CS297 Proposal
Compare word2vec with hash2vec for Word Sense Disambiguation on Wikipedia corpus
Neha Gaikwad (neha.gaikwad@sjsu.edu)
Advisor: Dr. Chris Pollett
Description:
When a single word has multiple meanings it is difficult for machine to interpret this type of query. For example, Depression can mean a illness, weather system, economics.
There are many natural language processing based applications such as semantic analysis, machine translation, speech synthesis, information retrieval, etc.
This project focuses on determining the dis-ambiguity of sensed words using modular models. The project is divided into two parts:
1) Convert the Wikipedia dataset into hash and vectorise it using hashing trick.

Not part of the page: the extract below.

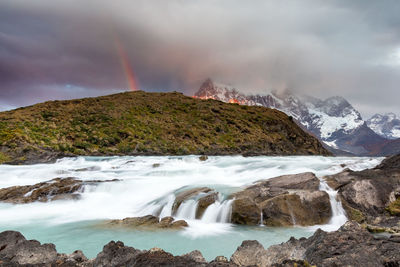 Scenic view of river with rainbow over mountain against sky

2) Classify using modular model and then compare the results with the existing work on the exact same problem except the vectors were formed using word2vec.
Schedule:
Week 1:
Sep. 3 | Discuss on the topics and related information about it. |
Week 2:
Sep. 10 | Take online course on basics of Neural Networks by Stanford channel. Learn about Hash2vec and Word2vec. |
Week 3:
Sep. 17 | Take online course to study Neural Networks and explore different hashing techniques to perform on BOW model. |
Week 4:
Sep. 24 | Presentation on hash2vec. |
Week 5:
Oct. 1 | Deliverable1: Tesorflow example of word2vec. |
Week 6:
Oct. 8 | Deliverable 2 : word2vec implementation. |
Week 7:
Oct. 15 | Data Analysis for Wikipedia corpus data |
Week 8:
Oct. 22 | Deliverable 3 : Experimentation with hash2vec |
Week 9:
Oct. 29 | Deliverable 4 : Hash2vec implementation |
Week 10:
Nov. 5 | Extract data from Wikipedia |
Week 11:
Nov. 12 | Data analysis for data preprocessing |
Week 12:
Nov. 19 | Literature Review |
Week 13:
Nov. 26 | Literature review on difference between word2vec and hash2vec techniques |
Week 14:
Dec. 3 | Start working on CS297-Final project report |
Week 15:
Dec. 10 | Final draft of report |
Week 16:
Dec. 18 | Final report |
Deliverables:
The full project will be done when CS298 is completed. The following will
be done by the end of CS297:
1. Word2vec Implementation using tensorflow and genism libraries
2. Calculating similar words using word2vec vectors and cosine similarity
3. Hash2vec Implementation using mh3 hash function
4. Calculating nearby words using euclidean distance on hash2vec vectors
5. Experimentation with hash2vec : Implementation of Hashing Trick
i)An Overview
ii)Summary of Approaches
iii)Platform and technologies details I plan to use.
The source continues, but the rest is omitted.